Since his inauguration, President Donald Trump has been waging war against the American press by dismissing unfavorable reports as “fake news” and calling the media “the enemy of the American people.”

As a countermeasure, The Washington Post has publicly fact-checked every claim that Trump has labeled as fake. In August, The Boston Globe coordinated editorials from newspapers across the nation to push back against Trump’s attacks on the press. The Associated Press characterized this effort as the declaration of a “war of words” against Trump.

News organizations might frame themselves as the besieged party in this “war.” But what if they’re as much to blame as the president in this back-and-forth? And what if readers are to blame as well?

In an unpublished manuscript titled “The War of Words,” the late rhetorical theorist and cultural critic Kenneth Burke cast the media as agents of political warfare. In 2012, we found this manuscript in Burke’s papers and, after working closely with Burke’s family and the University of California Press, it will be published in October 2018.

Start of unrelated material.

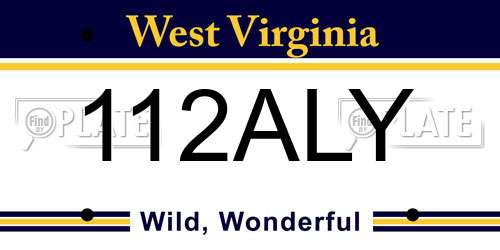 112ALY West Virginia License Plate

In “The War of Words,” Burke urges readers to recognize the role they also play in sustaining polarization. He points to how seemingly innocuous features in a news story can actually compromise values readers might hold, whether it’s debating the issues further, finding points of consensus, and, ideally, avoiding war.

A book born out of the Cold War

In 1939 – just before Adolf Hitler invaded Poland – Burke wrote an influential essay, “The Rhetoric of Hitler’s ‘Battle,’” in which he outlined how Hitler had weaponized language to foment antipathy, scapegoat Jews and unite Germans against a common enemy.

After World War II ended and America’s leaders turned their attention to the Soviet Union, Burke saw some parallels to Hitler in the way language was being weaponized in the U.S.